As part of the curriculum at MIT, each mechanical engineering student must compete in the 2.007 Student Design Competition. The goal of the yearly competition is to design a robot that will battle another student’s robot in a pre-specified game. “Ballcano” was the game the year I competed in the competition. A table was setup with a ball dispenser that would release balls on to the table from an upper level. The goal of the game was to take as many balls as possible and place them into two holes located on the bottom level.
My robot, “Balls-Hogg” used a retractable channel to divert the balls from the top level onto a lined ramp down to the hole. It worked really well in the preliminary competition. During the class time competition, my robot scored the highest amount of points.

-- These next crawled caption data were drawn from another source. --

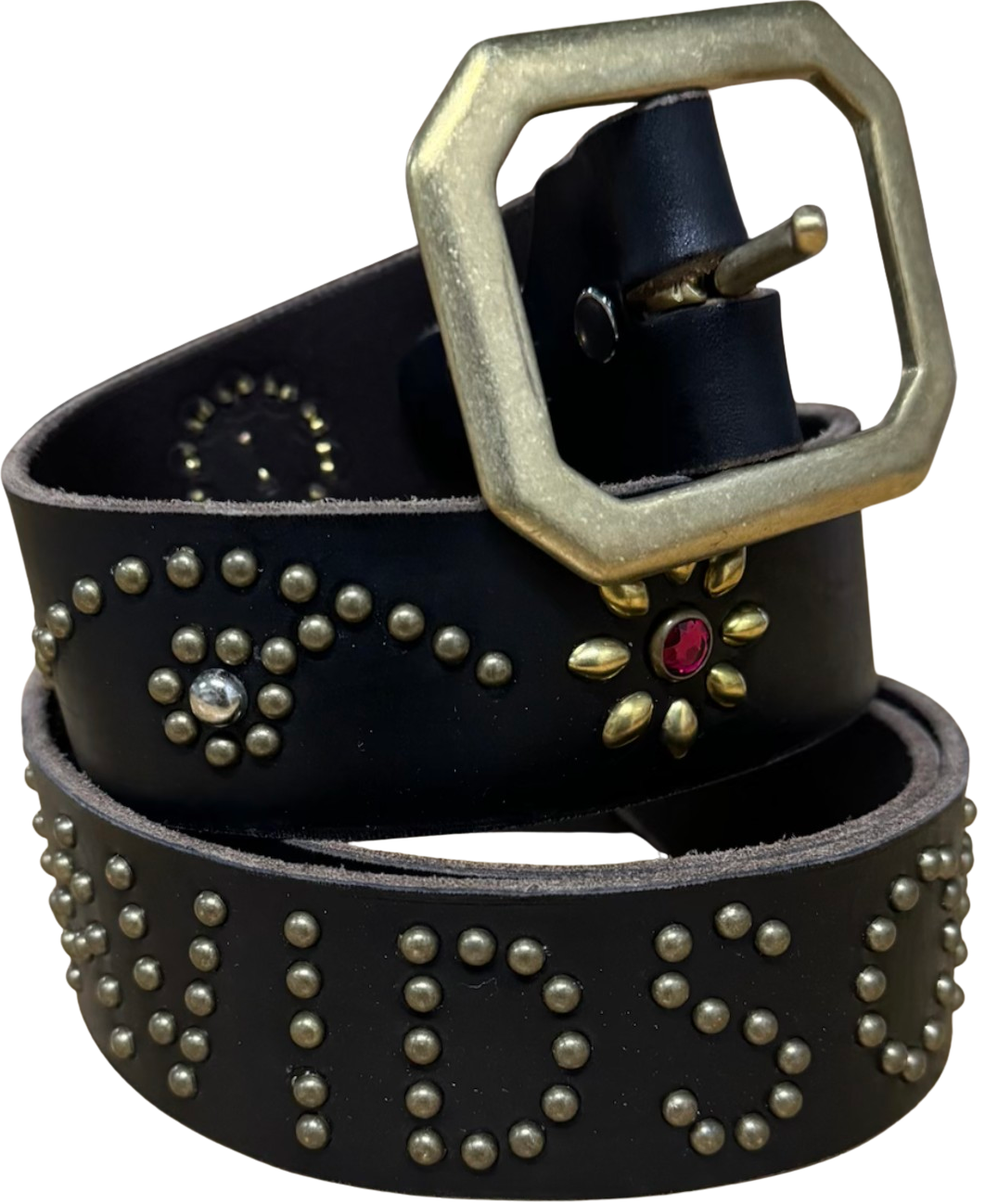 Studded 'Red Gem Flowers' Harley Davidson Belt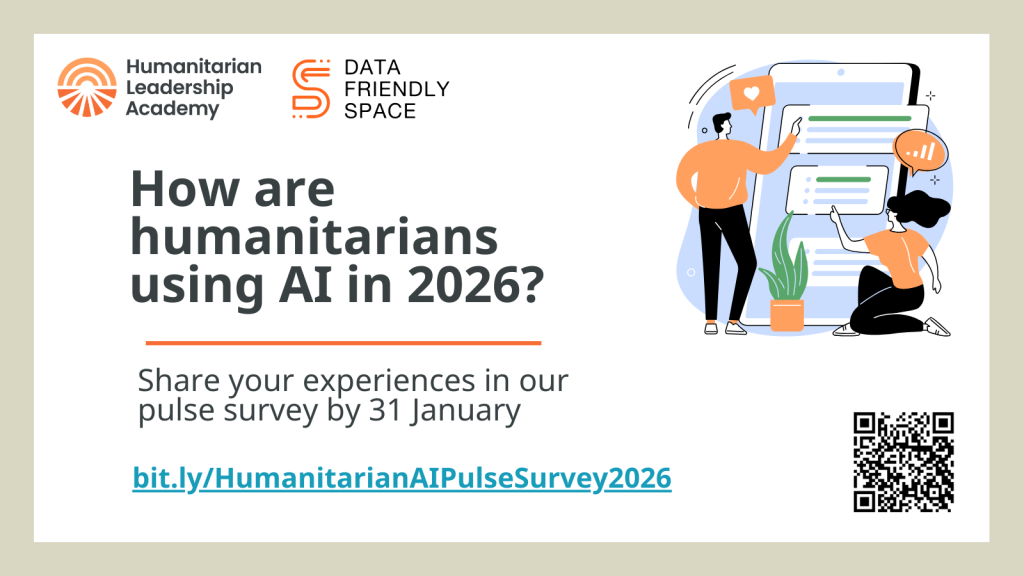A promotional banner asks, How are humanitarians using AI in 2026? and invites people to share experiences in a survey by January 31. Logos, a QR code, and an illustration of two people with digital devices are shown.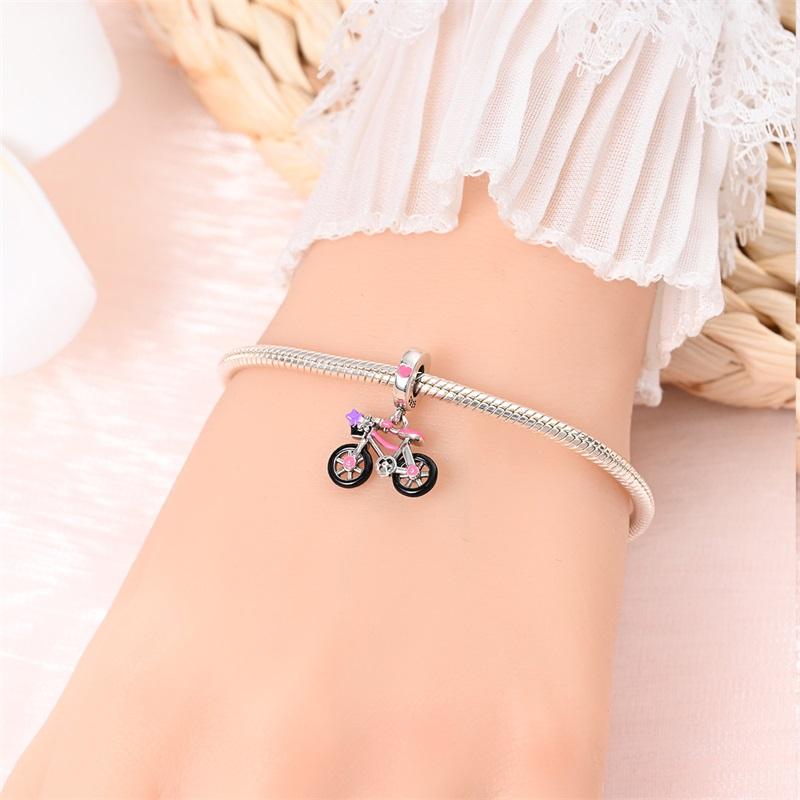 Copper Adventure Car Beads Spinning Wheels Bicycle Dangle Charm Fits Brand Bracelet Diy Jewelry Necklace Pendant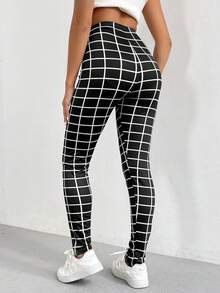 SHEIN Unity Grid Print Elastic Waist Leggings - Black - View 2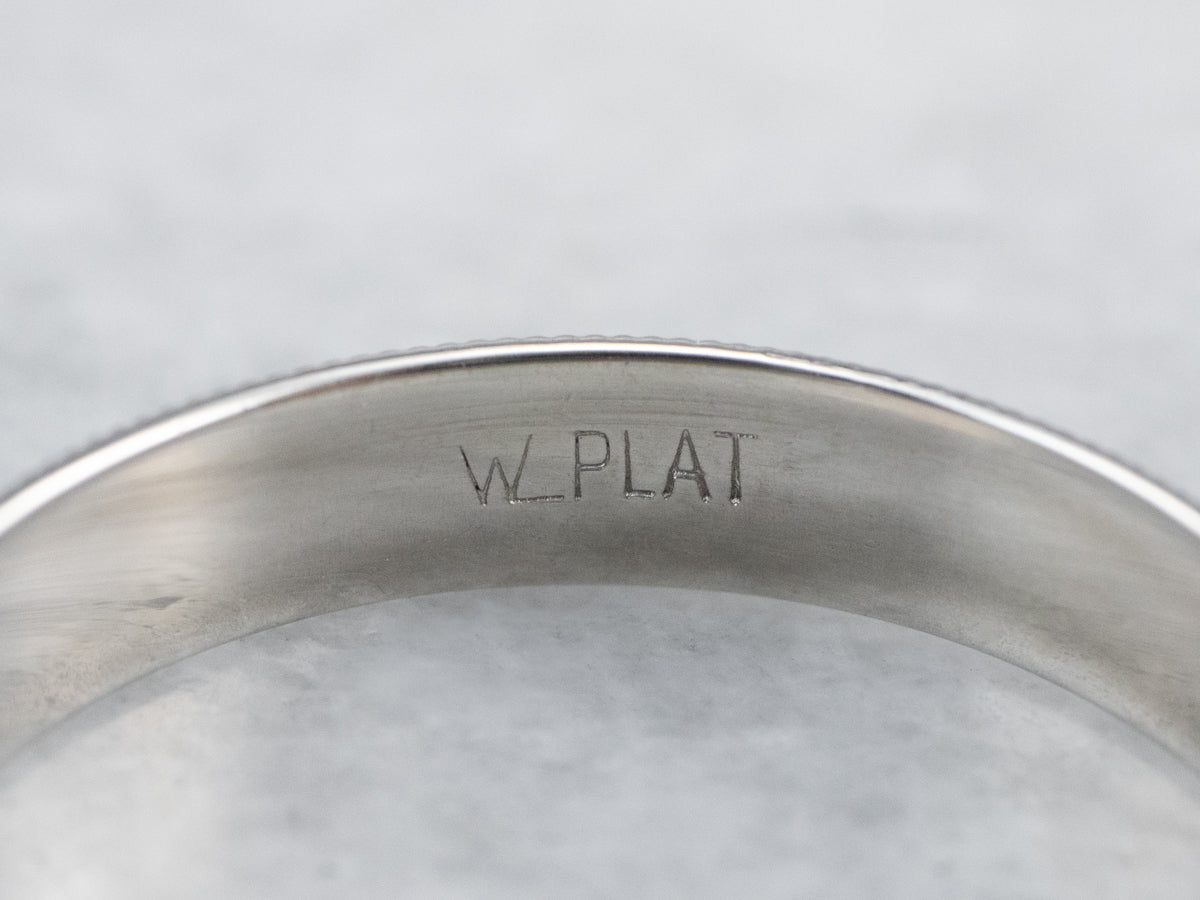 Patterned Platinum Wedding Band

During the first round of final competition, Balls-Hogg scored the most points of any robot. I was confident that Balls Hogg was going to do well but, like most engineers, I couldn’t stop tweaking my robot. I thought that if I adjusted one of the ramp cables I could produce a few more points. It turns out that this design change was a fatal mistake in the competition. When I competed in the next round the cable came loose and completely blocked the hole eliminating my chance at winning.
I tell all the students I teach this story as a warning and a lesson. “Don’t mess with something that is working,” especially right before you compete. Since then I have seen this situation happen countless times to students and colleagues and on occasion still to myself. But if you try to stick with this rule, you will save yourself a lot of disappointment.